为什么具有相同名称但不同签名的多重继承函数不被视为重载函数？

Question

The following snippet produces an "ambigious call to foo" error during compilation, and I'd like to know if there is any way around this problem without fully qualifying the call to foo:

#include <iostream>

struct Base1{
    void foo(int){
    }
};

struct Base2{
    void foo(float){
    }
};

struct Derived : public Base1, public Base2{
};

int main(){
    Derived d;
    d.foo(5);

    std::cin.get();
    return 0;
}

So, question is as the title says. Ideas? I mean, the following works flawlessly:

#include <iostream>

struct Base{
    void foo(int){
    }
};

struct Derived : public Base{
    void foo(float){
    }
};

int main(){
    Derived d;
    d.foo(5);

    std::cin.get();
    return 0;
}

Answer 1

Member lookup rules are defined in Section 10.2/2

The following steps define the result of name lookup in a class scope, C . First, every declaration for the name in the class and in each of its base class sub-objects is considered. A member name f in one sub-object B hides a member name f in a sub-object A if A is a base class sub-object of B . Any declarations that are so hidden are eliminated from consideration . Each of these declarations that was introduced by a using-declaration is considered to be from each sub-object of C that is of the type containing the declara-tion designated by the using-declaration. If the resulting set of declarations are not all from sub-objects of the same type, or the set has a nonstatic member and includes members from distinct sub-objects, there is an ambiguity and the program is ill-formed . Otherwise that set is the result of the lookup.

class A {
public:
  int f(int);

};
class B {
public:
   int f();

};
class C : public A, public B {};
int main()
{
     C c;
     c.f(); // ambiguous
}

So you can use the using declarations A::f and B::f to resolve that ambiguity

class C : public A, public B {
     using A::f;
     using B::f;

};

int main()
{
     C c;
     c.f(); // fine
}

The second code works flawlessly because void foo(float) is inside C's scope. Actually d.foo(5); calls void foo(float) and not the int version.

Answer 2

Name lookup is a separate phase to overload resolution .

Name lookup occurs first. That is the process of deciding which scope the name applies to. In this case we must decide whether d.foo means dD::foo , or d.B1::foo , or d.B2::foo . The name lookup rules do not take into account function parameters or anything; it is purely about names and scopes.

Only once that decision has been made, do we then perform overload resolution on the different overloads of the function in the scope where the name was found.

In your example, calling d.foo() would find D::foo() if there were such a function. But there is none. So, working backwards up the scopes, it tries the base classes. Now foo could equally look up to B1::foo or B2::foo so it is ambiguous.

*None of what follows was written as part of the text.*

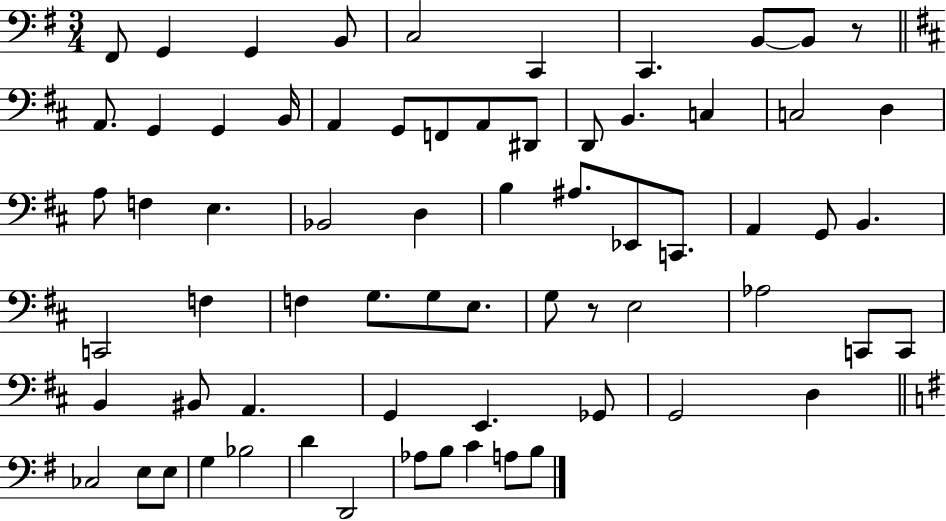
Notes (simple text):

F#2/e G2/q G2/q B2/e C3/h C2/q C2/q. B2/e B2/e R/e A2/e. G2/q G2/q B2/s A2/q G2/e F2/e A2/e D#2/e D2/e B2/q. C3/q C3/h D3/q A3/e F3/q E3/q. Bb2/h D3/q B3/q A#3/e. Eb2/e C2/e. A2/q G2/e B2/q. C2/h F3/q F3/q G3/e. G3/e E3/e. G3/e R/e E3/h Ab3/h C2/e C2/e B2/q BIS2/e A2/q. G2/q E2/q. Gb2/e G2/h D3/q CES3/h E3/e E3/e G3/q Bb3/h D4/q D2/h Ab3/e B3/e C4/q A3/e B3/e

For the same reason, you would get ambiguity calling unqualified foo(5); inside a D member function.

---

The effect of the recommended solution:

struct Derived : public Base1, public Base2{
    using Base1::foo;
    using Base2::foo;

is that this creates the name D::foo , and makes it identify two functions. The result is that d.foo resolves to dD::foo , and then overload resolution can happen on these two functions that are identified by D::foo .

Note: In this example D::foo(int) and Base1::foo(int) are two identifiers for the one function; but in general, for the name lookup and overload resolution process, it doesn't make a difference whether they are two separate functions or not.

Answer 3

Will it work for you?

struct Derived : public Base1, public Base2{
   using Base2::foo;}